Dobutamine effects on systolic and diastolic left ventricular long-axis excursion and timing – significance for the interpretation of s′ and e′
Published in Scandinavian Cardiovascular Journal, 2023
Roger E. Peverill, Om Narayan, James D. Cameron
The increases in EDExc which occurred during low-dose dobutamine infusion for both walls and in both groups in the present study reflected the concomitant increases in SExc, and this relationship was also similar for the increases in EDExc and SExc for the lateral wall during the moderate dobutamine dose in both groups. However, there was no increase in EDExc or SExc for the septal wall in either group at the moderate dobutamine dose.
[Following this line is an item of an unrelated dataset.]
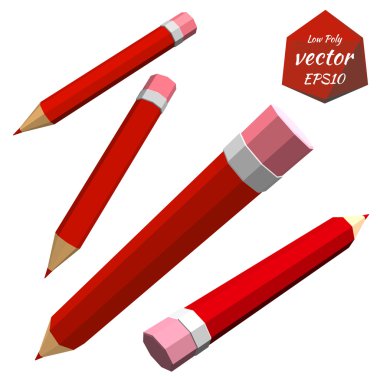 Set of red pencils isolated on white background. Low poly style.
Thus, the effects of dobutamine on EDExc did not occur in parallel with the changes in the timing of the onset or end of early diastolic motion, which in most cases decreased progressively with dobutamine at each dose level. The relationship of EDExc with SExc was not unexpected given that increases in SExc with dobutamine reflect an increase in contraction due to its inotropic effect, and an increase in systolic motion must be accompanied by a subsequent increase in diastolic motion. Thus, it is a fundamental aspect of normal cardiac physiology that the annulus returns to the same position at the end of every cardiac cycle, and SExc will be approximately equal to the sum of EDExc and AExc on a beat-to-beat basis. In the present study there was no consistent change in AExc during dobutamine infusion, this finding also implying the presence of a close relationship between any changes in SExc and EDExc.